(Data excerpts)
========================================================================
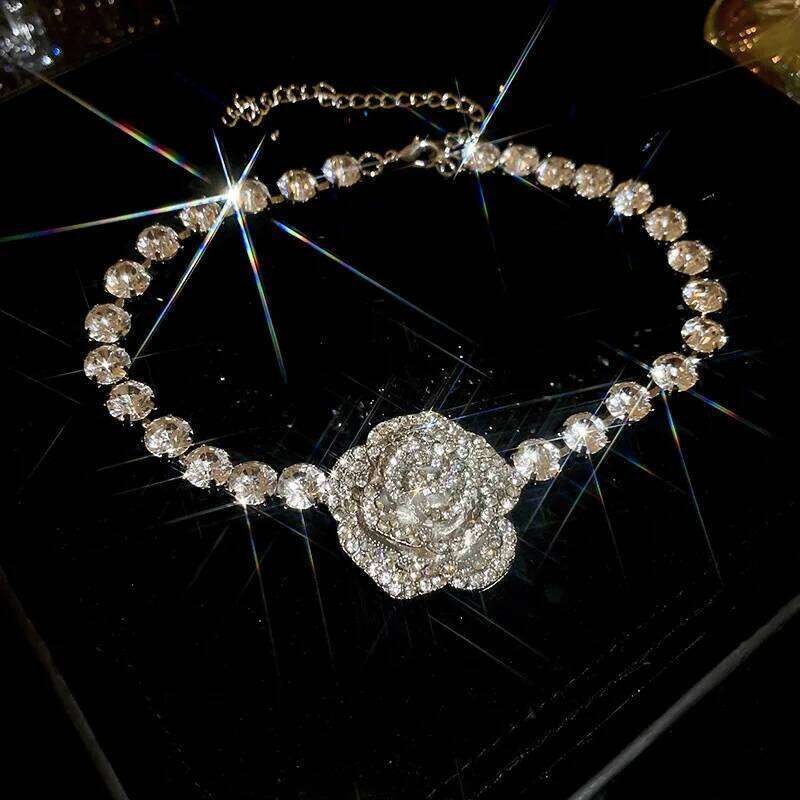 Inlaid Rhinestone Flower Tassel Earrings Necklace for Women Fashion Clavicle Chain New Light Luxury Sparkle Jewelry Z260313
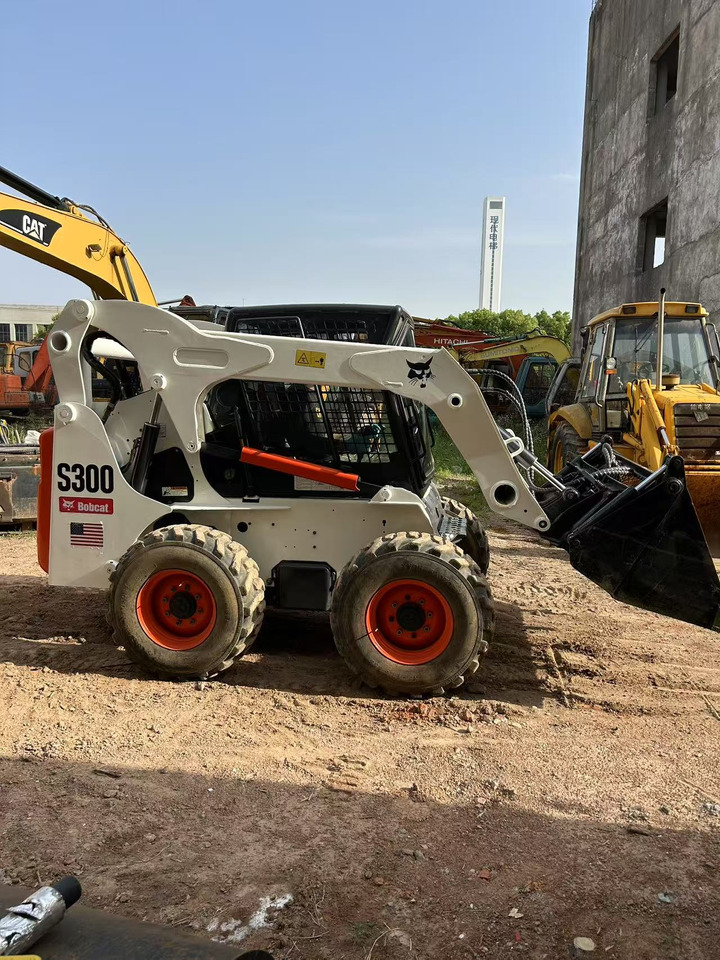 BOBCAT S300 - Smykový nakladač: obrázek 1 BOBCAT S300 - Smykový nakladač: obrázek 1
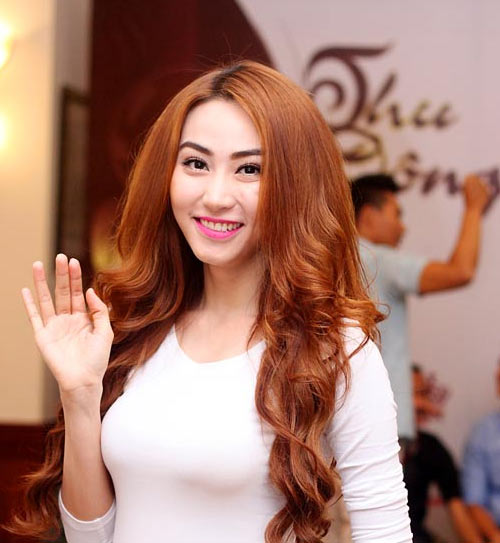 Ngân Khánh cũng tham gia vào trào lưu cằm nhọn V - line như nhiều người đẹp trong showbiz Việt.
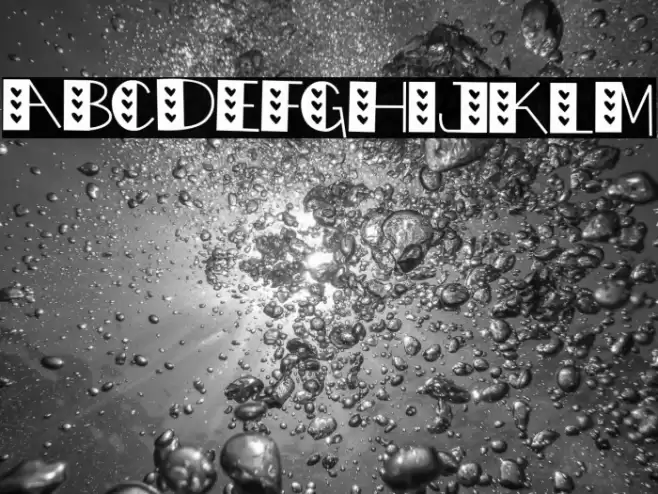 LOVE doly Font examples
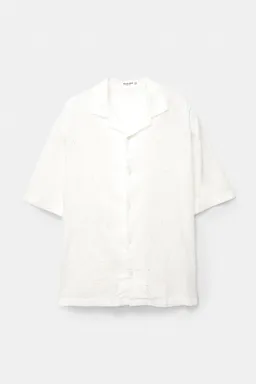 Camisa con flores bordadas de Pull&Bear en Camisas para argentina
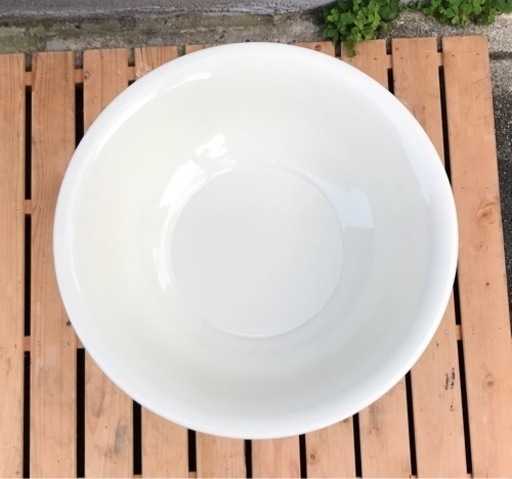 レトロな洗面器台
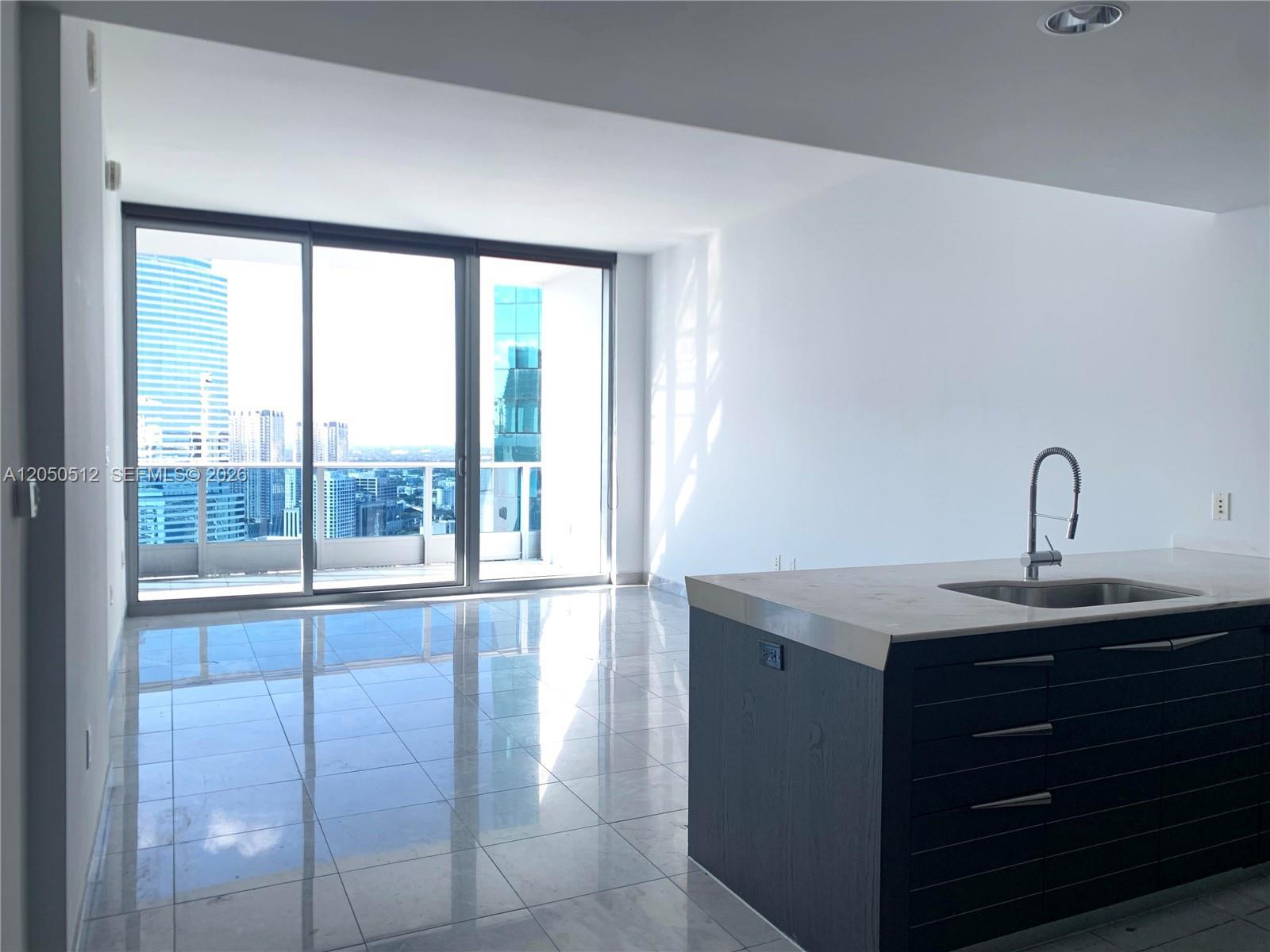 200 Biscayne Boulevard Way # 4412, Miami FL 33131 photo 3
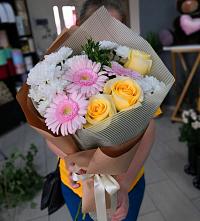 Букет цветов из:  Герберы, Розы и Хризантемы в Вахруши
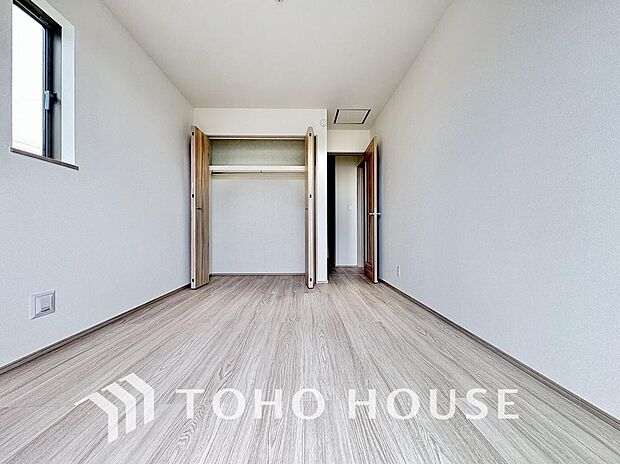 生活感を感じない空間では落ち着く事はできません。絶妙な雰囲気、配色、素材感を意識してコーディネート。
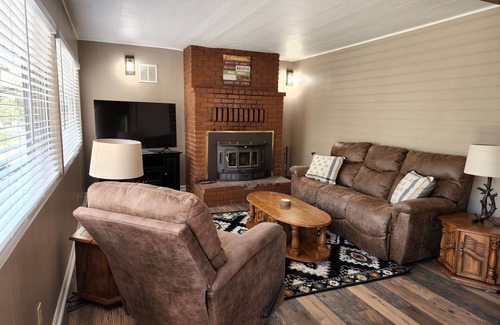 Wrightwood Cabina | Cozy sky retreat in Wrightwood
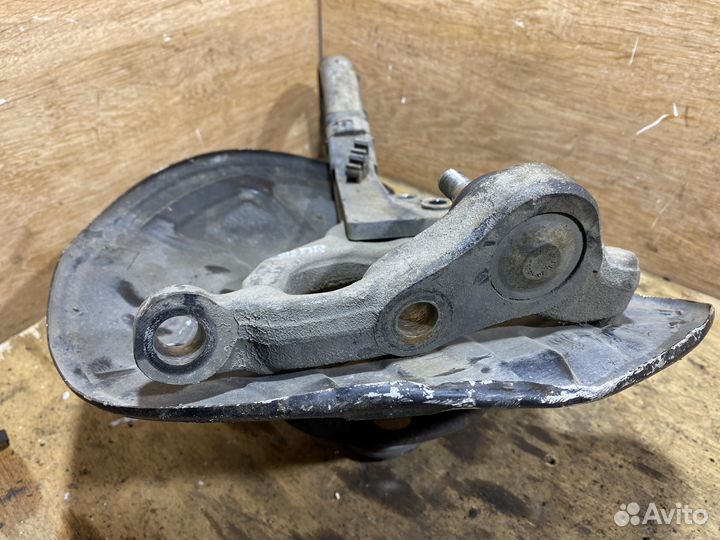 Поворотный кулак передний правый Mercedes W211 133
========================================================================
## WHAT NEEDS TO BE DONE:
Give the records again exactly, without pictures.

## SOLUTION BELOW:
 Inlaid Rhinestone Flower Tassel Earrings Necklace for Women Fashion Clavicle Chain New Light Luxury Sparkle Jewelry Z260313
 BOBCAT S300 - Smykový nakladač: obrázek 1 BOBCAT S300 - Smykový nakladač: obrázek 1
 Ngân Khánh cũng tham gia vào trào lưu cằm nhọn V - line như nhiều người đẹp trong showbiz Việt.
 LOVE doly Font examples
 Camisa con flores bordadas de Pull&Bear en Camisas para argentina
 レトロな洗面器台
 200 Biscayne Boulevard Way # 4412, Miami FL 33131 photo 3
 Букет цветов из:  Герберы, Розы и Хризантемы в Вахруши
 生活感を感じない空間では落ち着く事はできません。絶妙な雰囲気、配色、素材感を意識してコーディネート。
 Wrightwood Cabina | Cozy sky retreat in Wrightwood
 Поворотный кулак передний правый Mercedes W211 133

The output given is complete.